◆ Records shown:
* * *
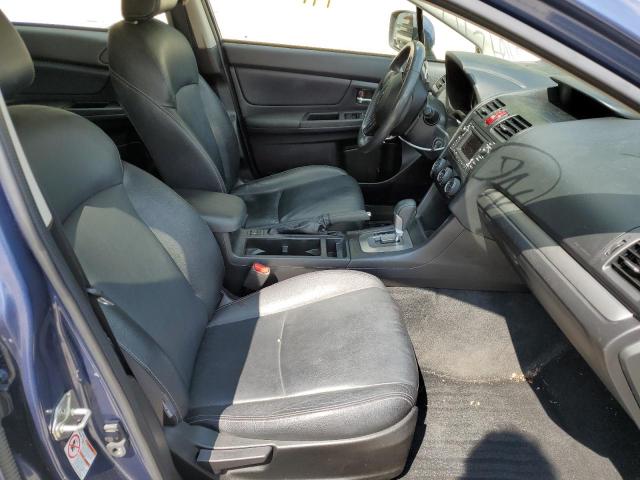 Photo 5 from auction – 2013 SUBARU IMPREZA LI with VIN JF1GPAG61DH815217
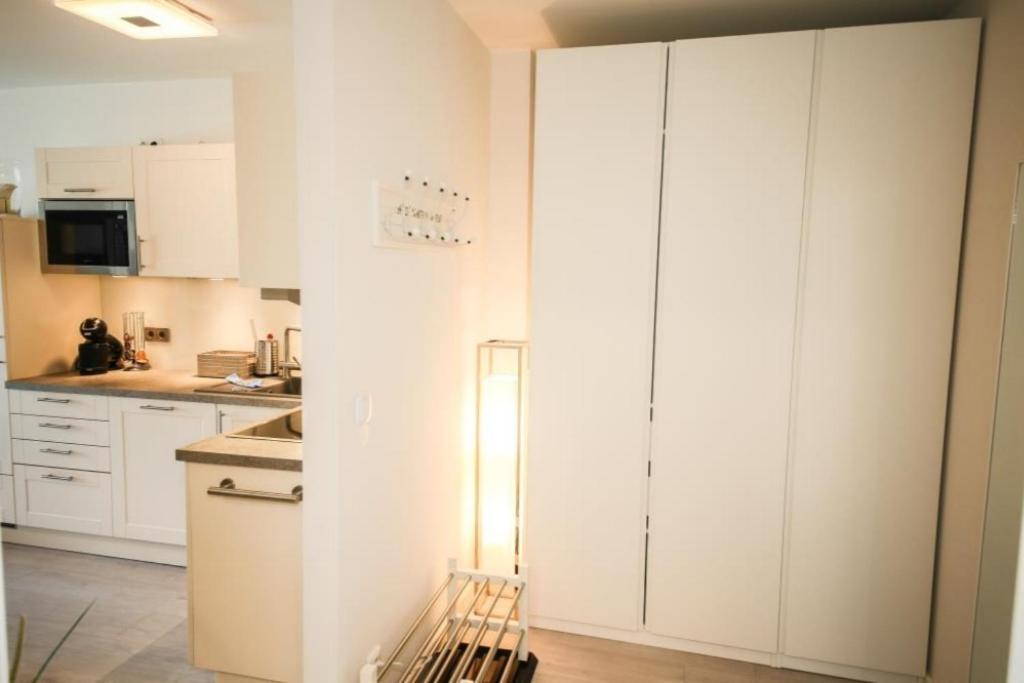 Ferienwohnung Sunshine Beachhouse 111 Шарбойц Экстерьер фото
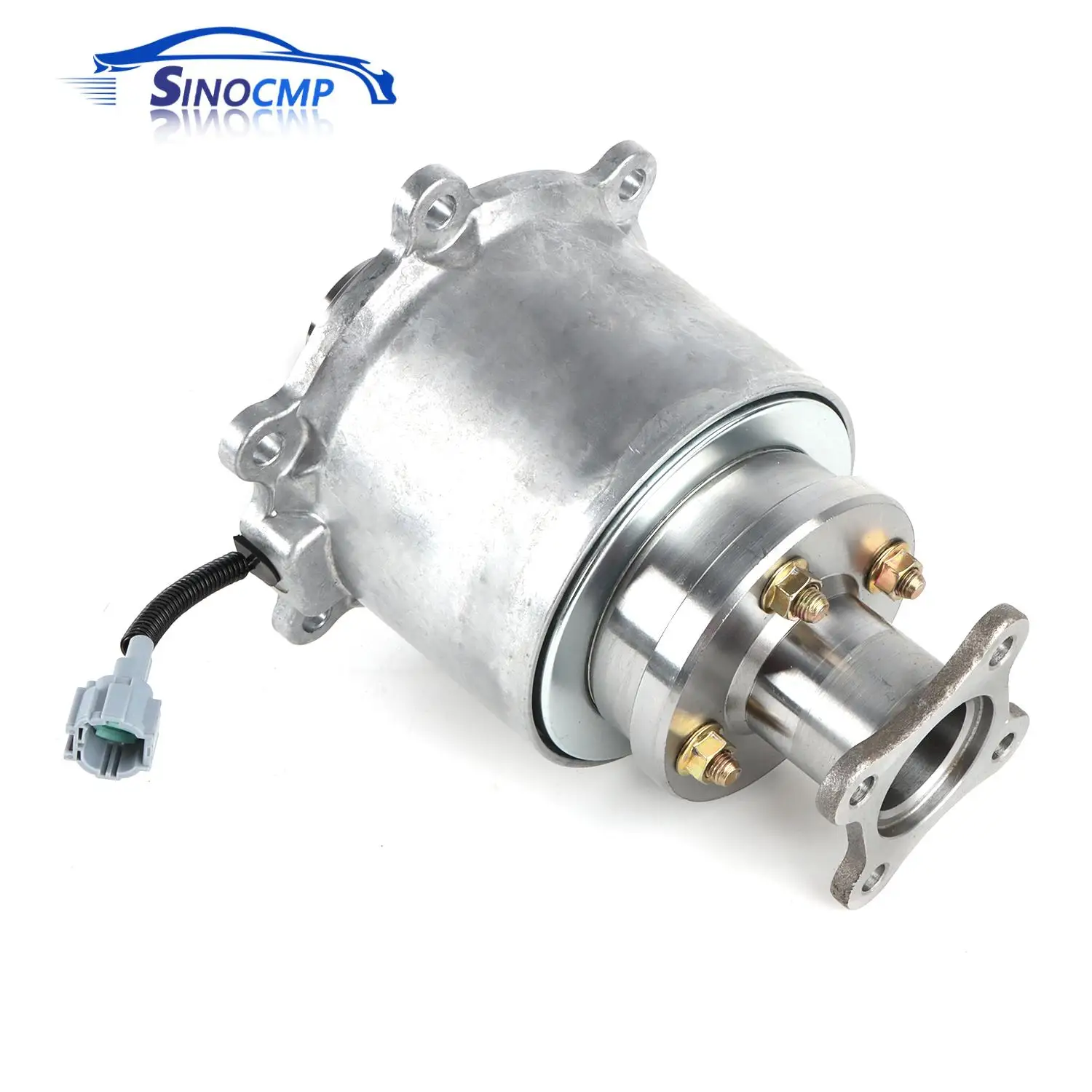 

1 PC Rear Differential Coupling Assembly 387613KA0B 387613KA0A 387613JA0A For 2013-2021 Infiniti QX60 JX35 Nissan Pathfinder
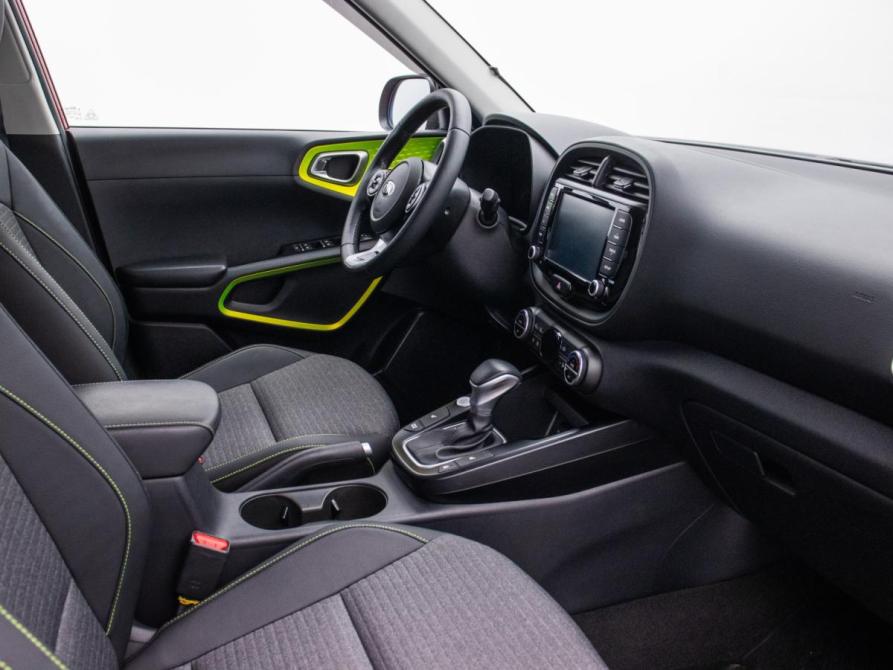 Kia Soul III Москва  - изображение 10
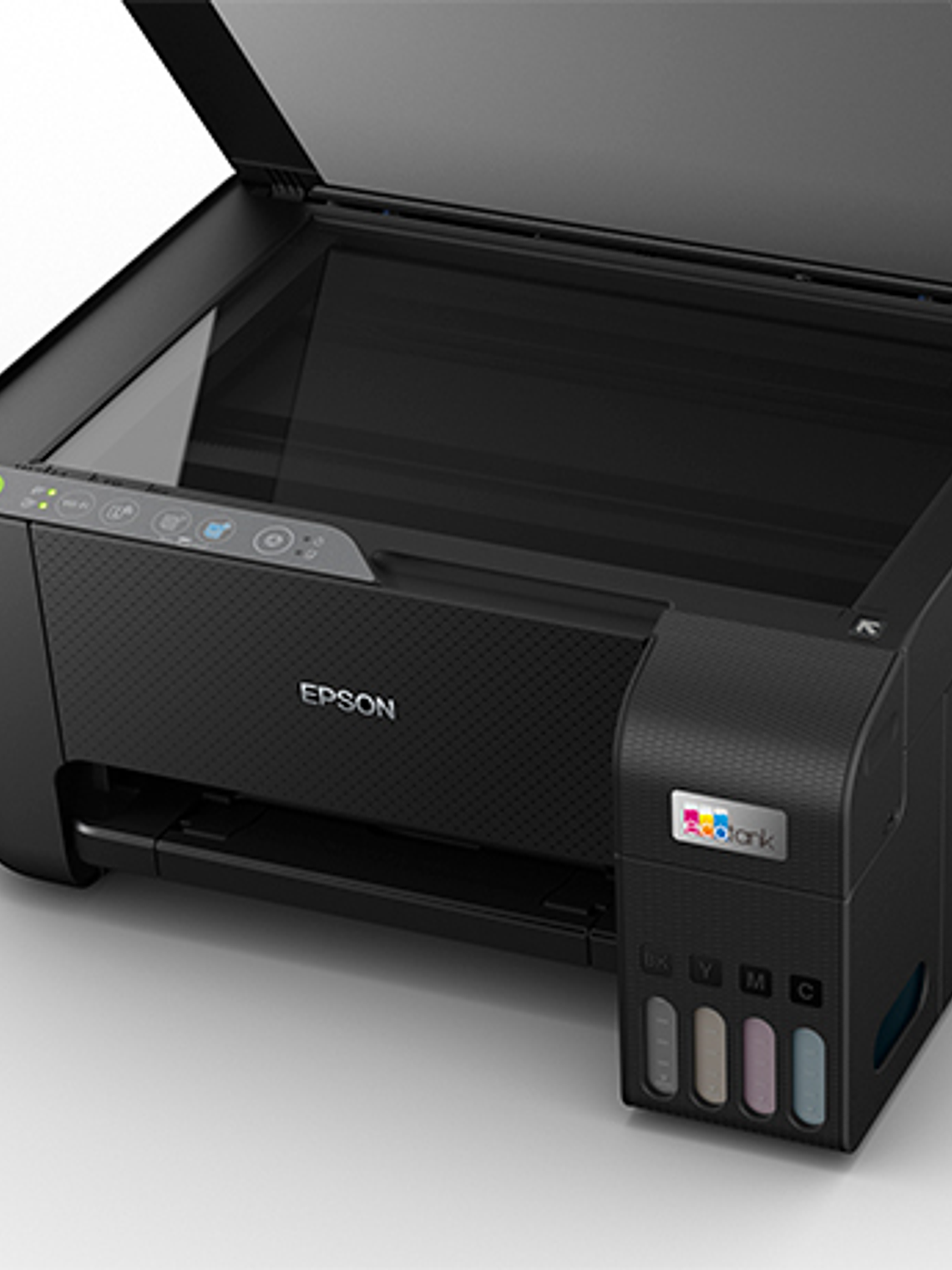IMPRESORA EPSON - EcoTank L3250 5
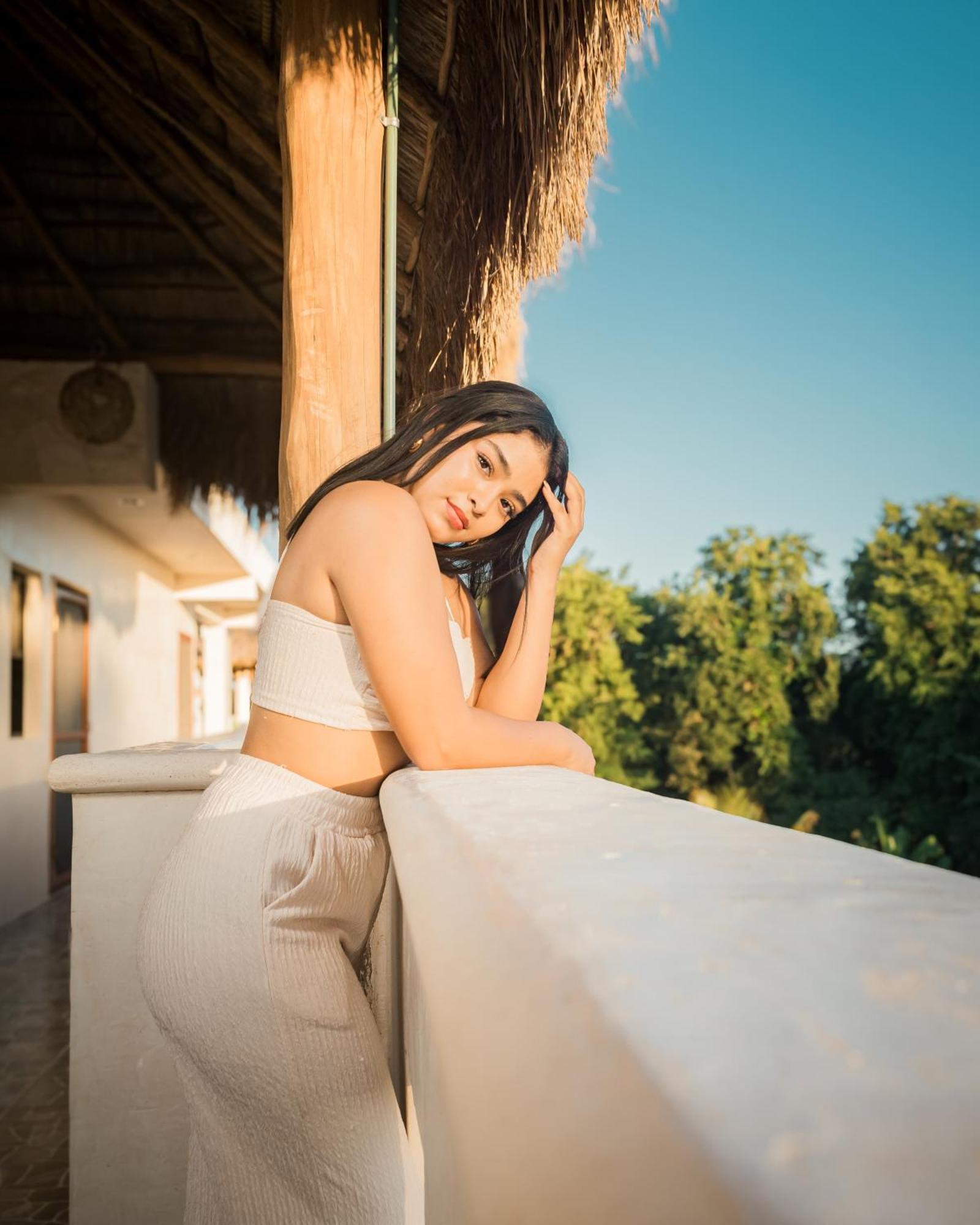 Hotel Sacbe Cobá Екстериор снимка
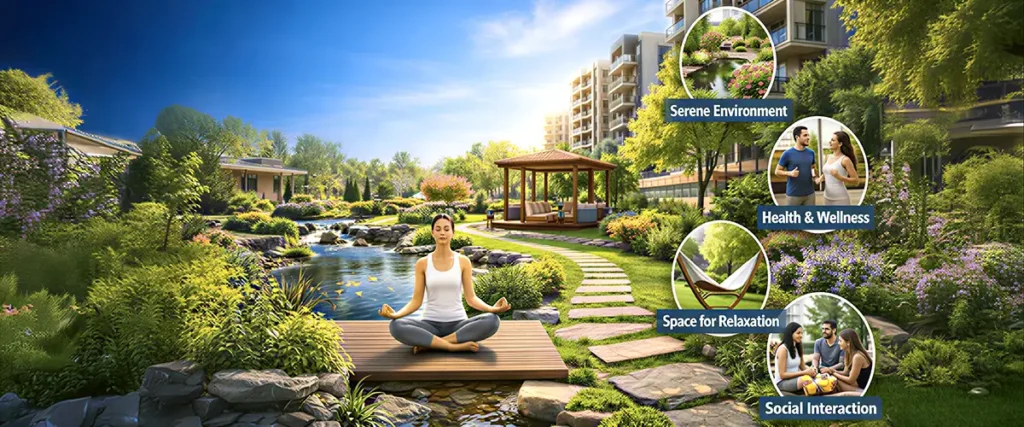 Eden Enclave Thane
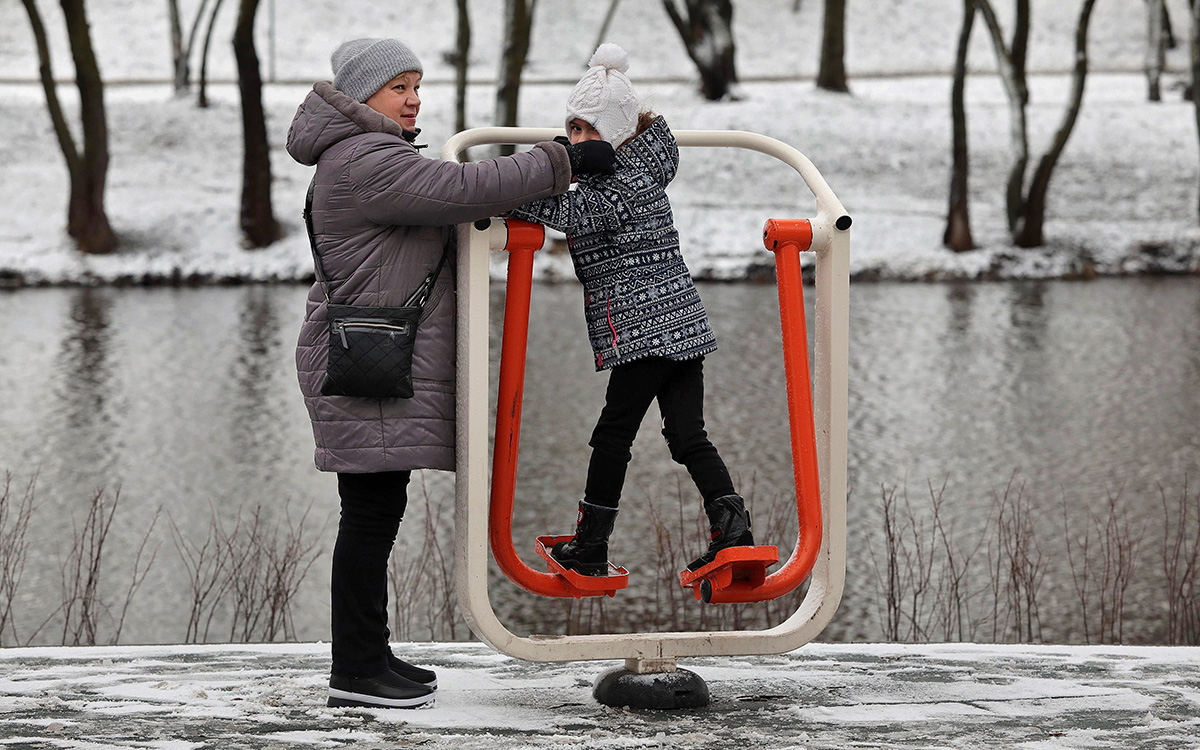 Фото:Hennadii Minchenko / Keystone Press Agency / Global Look Press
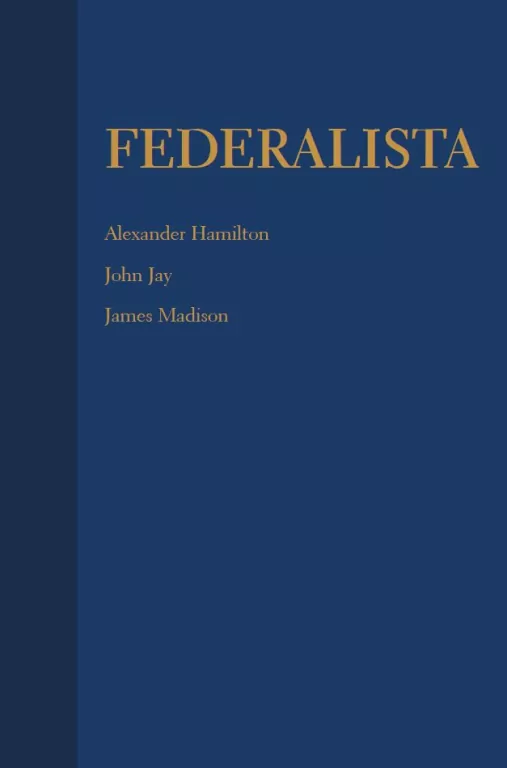 Federalista - tantis.pl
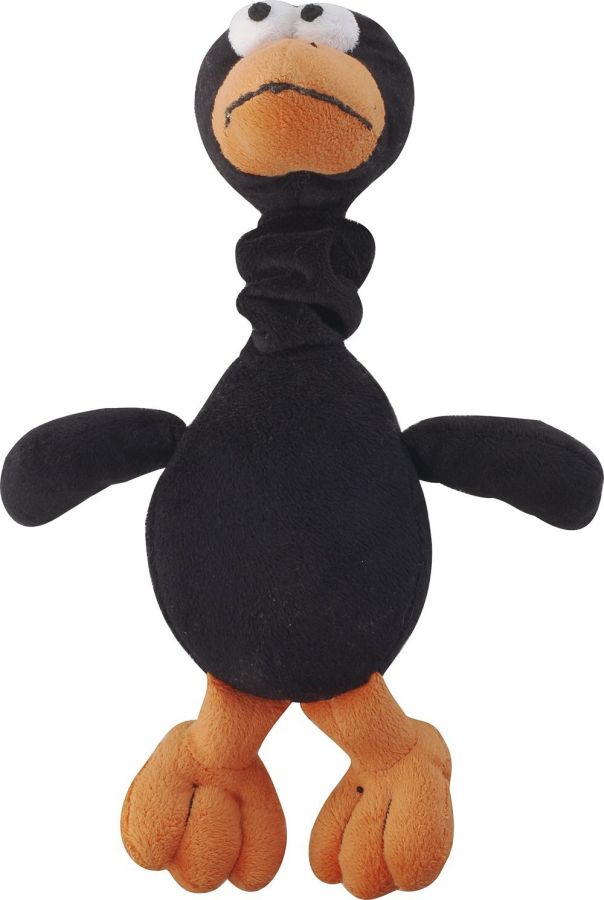 Sp 14'' Plush Chirpies W/Chip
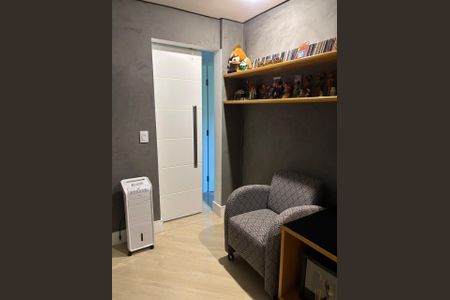 Foto 08 de apartamento à venda com 2 quartos, 60m² em Vila Lageado, São Paulo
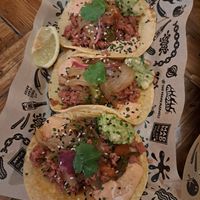  at Mad Mad Vegan - Chueca in Madrid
* * *
◆ Work request: Only the lines from the one with "Ferienwohnung Sunshine Beachhouse" to the last line of the listing, inclusive, are to be set down, exactly as they stand and without pictures.

◆ Output for this task:
 Ferienwohnung Sunshine Beachhouse 111 Шарбойц Экстерьер фото

1 PC Rear Differential Coupling Assembly 387613KA0B 387613KA0A 387613JA0A For 2013-2021 Infiniti QX60 JX35 Nissan Pathfinder
 Kia Soul III Москва  - изображение 10
IMPRESORA EPSON - EcoTank L3250 5
 Hotel Sacbe Cobá Екстериор снимка
 Eden Enclave Thane
 Фото:Hennadii Minchenko / Keystone Press Agency / Global Look Press
 Federalista - tantis.pl
 Sp 14'' Plush Chirpies W/Chip
 Foto 08 de apartamento à venda com 2 quartos, 60m² em Vila Lageado, São Paulo
  at Mad Mad Vegan - Chueca in Madrid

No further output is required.